**Instructions to follow:**
Only the lines from the one containing "How to Quickly Fix Creased Bra Pads" through the last line below belong in your copy; transcribe them exactly and omit any pictures.

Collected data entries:
* * * * * * * * *

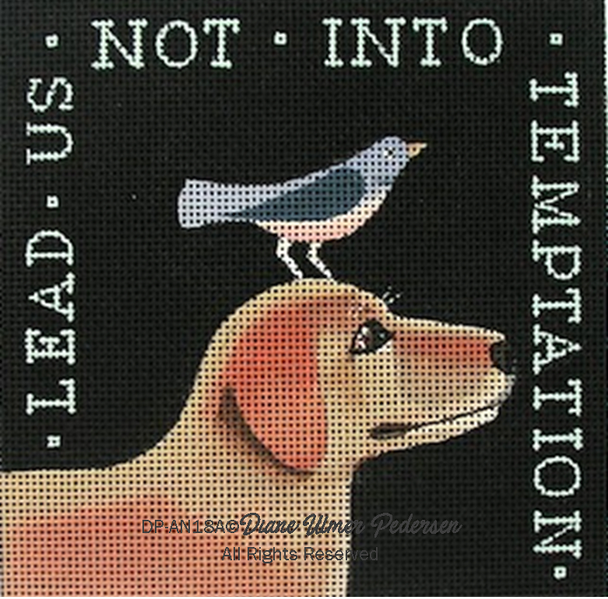 DPAN18B Lead Us Not Yellow Lab 13 Mesh 7 x 7 Diane Ulmer Pedersen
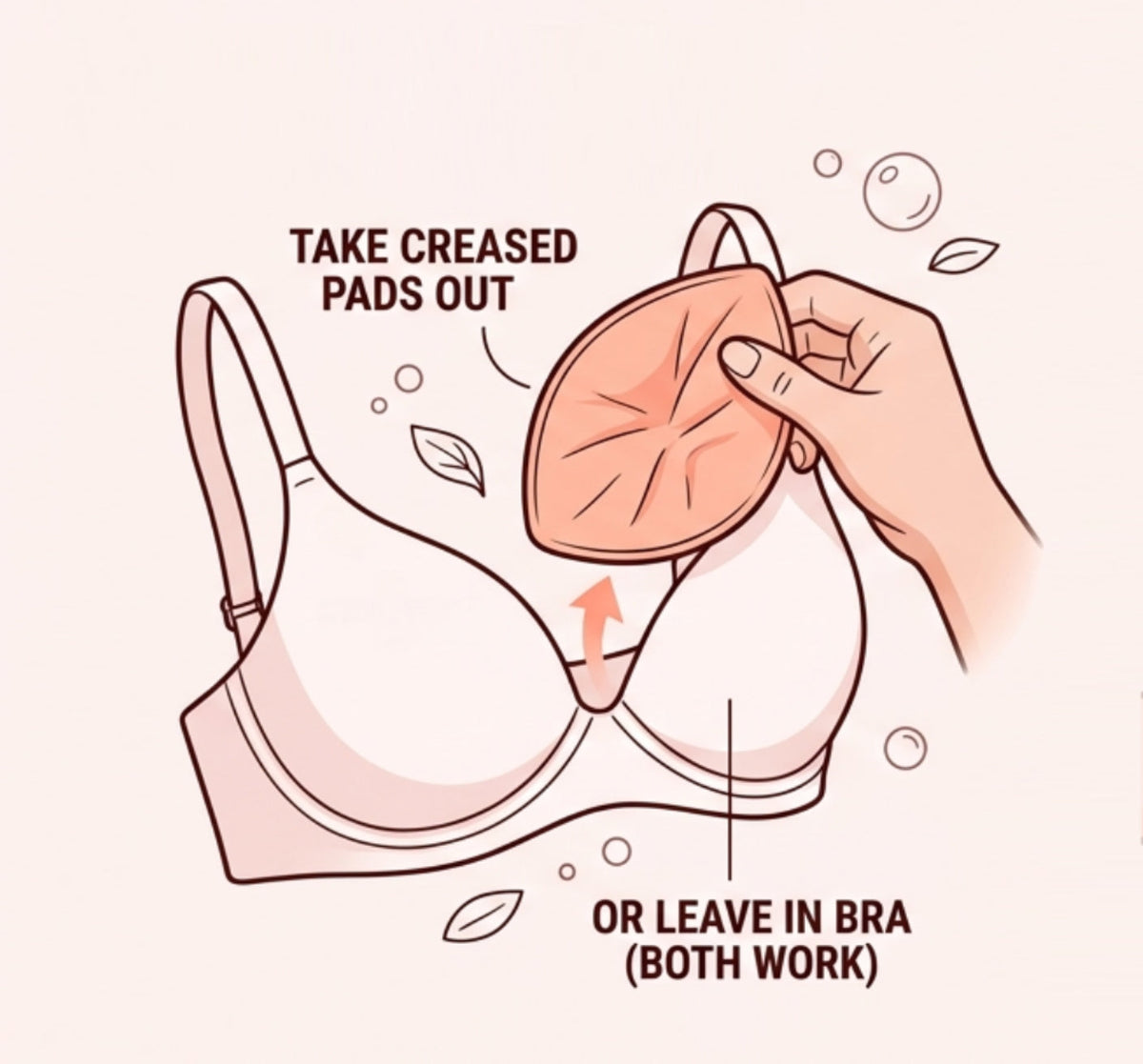 How to Quickly Fix Creased Bra Pads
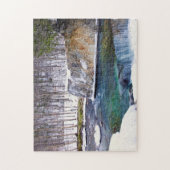 Warren Falls Vermont. Puzzle (Vertikal)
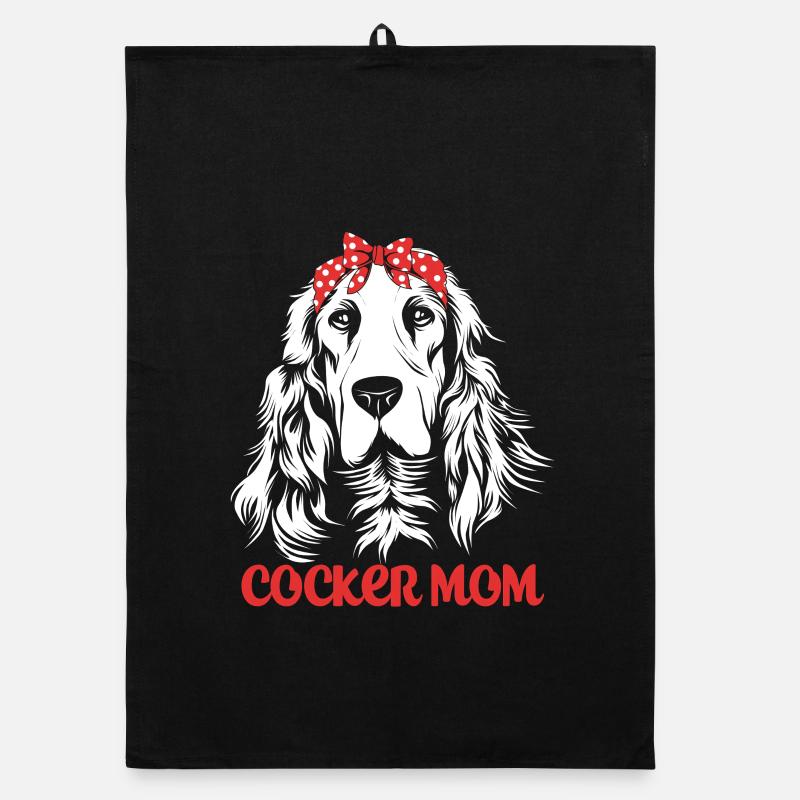 Maman Cocker Spaniel Maman de chien Torchon bio
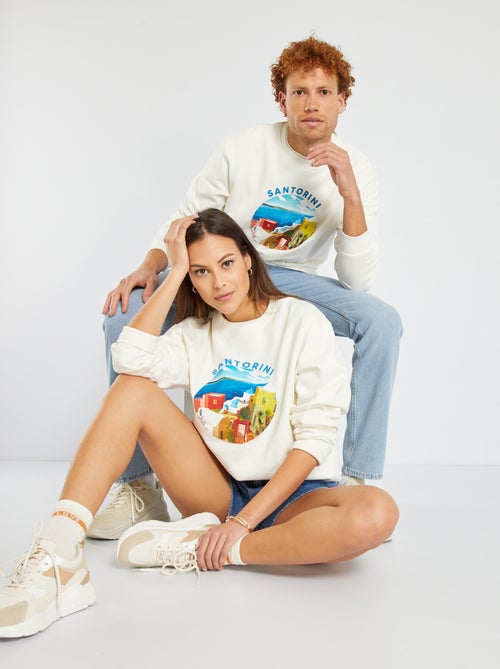 Sweatshirt unissexo com estampado 'Palma de Mallorca' - Kiabi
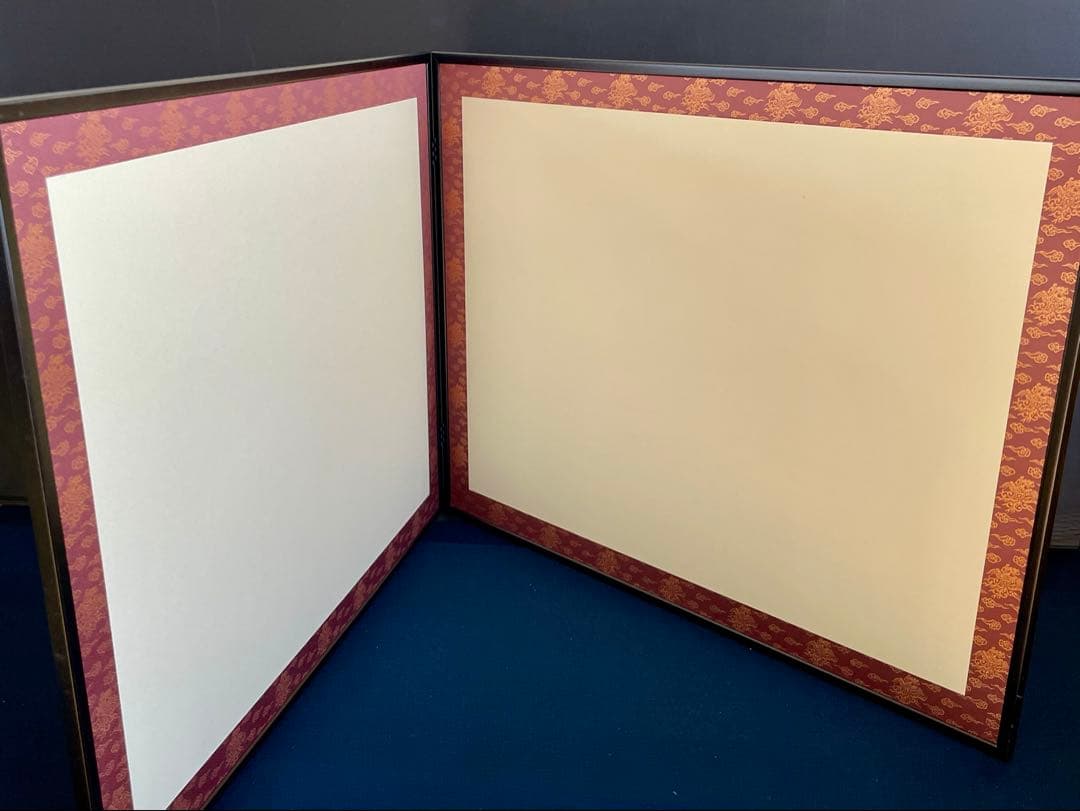 【美品】「祖」 鵬雲斎好 雲鳳 鳥の子紙 両面使い 塗縁 総張 （1119⑤）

* * * * * * * * *

**Task solution:**
 How to Quickly Fix Creased Bra Pads
 Warren Falls Vermont. Puzzle (Vertikal)
 Maman Cocker Spaniel Maman de chien Torchon bio
 Sweatshirt unissexo com estampado 'Palma de Mallorca' - Kiabi
 【美品】「祖」 鵬雲斎好 雲鳳 鳥の子紙 両面使い 塗縁 総張 （1119⑤）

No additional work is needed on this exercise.